I think TBAs should never be served ice cold.  The cold mutes a bunch of the flavor and nose.  I think about 50-55 degrees F is ideal.

Reply by MilanB, Aug 12, 2010.

I prefer 8-10 °C (45-50 F) but it is purely personal thing. It will warm-up in glass quickly when served in living room.

Reply by amour, Aug 24, 2010.

This is CANDYLAND for you.

I do enjoy sweet and could not help but share this one, if you can find it.

Those in the U.K. sure would and of course, in France.

Chateau Rieussec 2005  or any other vintage for that matter...

purely toffee and caramel and honey...thick and sweet.

Reply by rposeyca, Aug 28, 2010.

Nector of the Gods:  R.L. Buller & Son Calliope Rare Muscat

Reply by melysaanne, Jan 8, 2011.

If you are wanting to start with a moscato, try the poggio moscato. They serve it at Olive Garden, it is from Italy and it has a bubbly, champagne flow to it. There is also the Candoni Moscato, and Negri from Italy. There is Emeri that is from Australia which is very good. Domestic wise, everyone makes moscato. Beringer is not as sweet, but the Barefoot is, Allergra and Sutterhome are also fairly good. Though I keep trying new ones I find.

Reply by Lillyd40, Feb 26, 2011.

Please try Moscato Alegro made by Martin and Weyrich. Not expensive and absolutely sweetest of them all.

Reply by ChipDWood, Feb 26, 2011.

Ooodles of great suggestions here.  I agree completely with trying out some of the rielsings, particularly from Germany, and if you follow the wines by region, the producer- you can find which you trust, then can try other blends of that same producers.  QBA's are often considered to be the "house wines" of the German estates, working you up in wuality to the aforementioned Kabinnets, Spatlese, Auslese, TBA's, etc.

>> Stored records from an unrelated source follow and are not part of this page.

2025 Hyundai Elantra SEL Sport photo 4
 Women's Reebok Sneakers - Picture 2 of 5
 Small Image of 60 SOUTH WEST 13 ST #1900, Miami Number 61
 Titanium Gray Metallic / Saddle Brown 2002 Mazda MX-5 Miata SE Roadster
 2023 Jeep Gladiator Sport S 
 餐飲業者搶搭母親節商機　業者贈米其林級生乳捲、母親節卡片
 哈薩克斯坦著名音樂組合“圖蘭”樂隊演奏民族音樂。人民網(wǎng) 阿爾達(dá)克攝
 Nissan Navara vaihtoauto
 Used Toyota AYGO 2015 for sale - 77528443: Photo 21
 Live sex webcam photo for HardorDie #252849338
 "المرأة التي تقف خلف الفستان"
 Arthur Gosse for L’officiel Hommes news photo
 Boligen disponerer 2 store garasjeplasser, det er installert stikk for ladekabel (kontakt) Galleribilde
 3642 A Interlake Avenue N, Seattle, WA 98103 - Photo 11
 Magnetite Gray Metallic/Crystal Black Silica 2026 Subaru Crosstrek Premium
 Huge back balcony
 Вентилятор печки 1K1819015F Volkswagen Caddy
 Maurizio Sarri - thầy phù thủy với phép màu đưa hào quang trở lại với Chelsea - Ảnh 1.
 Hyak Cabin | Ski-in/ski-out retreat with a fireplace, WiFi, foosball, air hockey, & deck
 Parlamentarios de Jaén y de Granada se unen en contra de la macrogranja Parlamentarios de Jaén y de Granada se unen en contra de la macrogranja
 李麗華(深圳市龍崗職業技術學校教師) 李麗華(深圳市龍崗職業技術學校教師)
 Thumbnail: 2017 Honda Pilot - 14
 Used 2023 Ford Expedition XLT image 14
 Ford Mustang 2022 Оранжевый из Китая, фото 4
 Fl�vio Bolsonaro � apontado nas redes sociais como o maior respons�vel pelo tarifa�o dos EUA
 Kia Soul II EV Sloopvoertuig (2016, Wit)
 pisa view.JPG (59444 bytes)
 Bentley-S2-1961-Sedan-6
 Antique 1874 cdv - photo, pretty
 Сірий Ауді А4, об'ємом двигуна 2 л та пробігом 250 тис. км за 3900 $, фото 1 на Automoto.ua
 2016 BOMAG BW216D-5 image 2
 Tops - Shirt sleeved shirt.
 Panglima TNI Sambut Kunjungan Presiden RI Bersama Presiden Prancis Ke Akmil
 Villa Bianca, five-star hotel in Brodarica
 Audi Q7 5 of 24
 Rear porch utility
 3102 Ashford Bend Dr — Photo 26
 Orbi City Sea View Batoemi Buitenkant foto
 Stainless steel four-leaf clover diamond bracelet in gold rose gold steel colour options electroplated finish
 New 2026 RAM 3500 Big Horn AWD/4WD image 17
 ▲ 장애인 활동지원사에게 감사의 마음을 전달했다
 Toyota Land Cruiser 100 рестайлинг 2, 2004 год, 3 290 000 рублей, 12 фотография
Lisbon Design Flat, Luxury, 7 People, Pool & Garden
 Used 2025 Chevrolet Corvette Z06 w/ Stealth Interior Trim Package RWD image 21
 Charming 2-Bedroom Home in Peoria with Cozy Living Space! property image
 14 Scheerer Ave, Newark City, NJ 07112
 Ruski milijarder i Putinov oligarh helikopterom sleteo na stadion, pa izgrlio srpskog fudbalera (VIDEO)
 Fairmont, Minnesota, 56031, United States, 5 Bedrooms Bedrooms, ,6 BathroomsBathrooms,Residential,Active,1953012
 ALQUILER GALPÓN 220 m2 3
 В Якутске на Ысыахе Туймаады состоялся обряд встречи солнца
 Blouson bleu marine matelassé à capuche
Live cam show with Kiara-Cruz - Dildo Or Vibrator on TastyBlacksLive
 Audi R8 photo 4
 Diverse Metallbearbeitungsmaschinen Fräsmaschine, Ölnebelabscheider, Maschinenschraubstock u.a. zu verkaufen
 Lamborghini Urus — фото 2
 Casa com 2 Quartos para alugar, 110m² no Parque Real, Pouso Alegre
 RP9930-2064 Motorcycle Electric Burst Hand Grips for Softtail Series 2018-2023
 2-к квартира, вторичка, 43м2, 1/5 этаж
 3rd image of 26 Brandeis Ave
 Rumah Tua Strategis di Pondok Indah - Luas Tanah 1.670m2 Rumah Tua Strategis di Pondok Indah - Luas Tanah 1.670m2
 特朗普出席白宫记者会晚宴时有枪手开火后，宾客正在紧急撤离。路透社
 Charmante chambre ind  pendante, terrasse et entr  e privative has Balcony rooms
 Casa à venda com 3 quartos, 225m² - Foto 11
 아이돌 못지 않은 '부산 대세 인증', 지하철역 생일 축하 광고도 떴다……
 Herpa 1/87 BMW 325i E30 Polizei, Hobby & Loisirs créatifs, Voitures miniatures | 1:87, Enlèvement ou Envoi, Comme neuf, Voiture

So, work it and have fun, but I wanted to add another wrinkle to your quest in the form of Chenin Blanc.  It's a grape that's a beautiful tool for winemaker's qho enjoy making crisper, more "refreshing" sweeter wines that aren;t as viscous on the palate but often bring a very dleightfully sweet expression to bear- both on the nose as well as the palate.

Vouvray comes to mind immediately, and there are some very affordable wines made from Chenin Blanc that would give you a try of something a bit sweet, a bit crisp- a bit different than all the fantastic sugestions already posted.

There are few things outside of a nice, sweet and crisp (balanced) Prosecco that I can recommend more for someone after that delightful sweetness that can be enjoyed in the midst of a hot summer day quite like a chilled Chenin Blanc.

Cheers :)

Reply by ChipDWood, Mar 1, 2011.

Good lordy was that some bad spelling.  Chenin Blanc being, still, what i feel a good alternative to all the great suggestions preceding it... my apologies for not knowing how to talk.

Reply by christinekorda, Mar 2, 2011.

Great suggestions

Reply by Cathy97528, Mar 5, 2011.

Have you discovered Foris? 

It's located just out of Cave Junction, Oregon.

They have a Muscato Frissante that is awesome!  We came away with two cases!!!


Reply by Malka Lev Adom, Apr 25, 2011.

Hi w8ing, I'm new around here, and I also have a penchant for a good dessert wine, among other things :)

I work as a wine promoter for one of the tasting companies in Israel, and so my main familiarity at least for dessert wines is locally made ones.

I'd like to suggest that you try a late-harvest Riesling from the Israeli Binyamina winery, "Silver" series. in Israel it's sold for about $10 so I imagine it's very affordable for a dessert wine, too. Drink it cold, it has a lovely honey-mineral nose, and is rather sweet - but not too syrupy. One of the better buys in my book. :)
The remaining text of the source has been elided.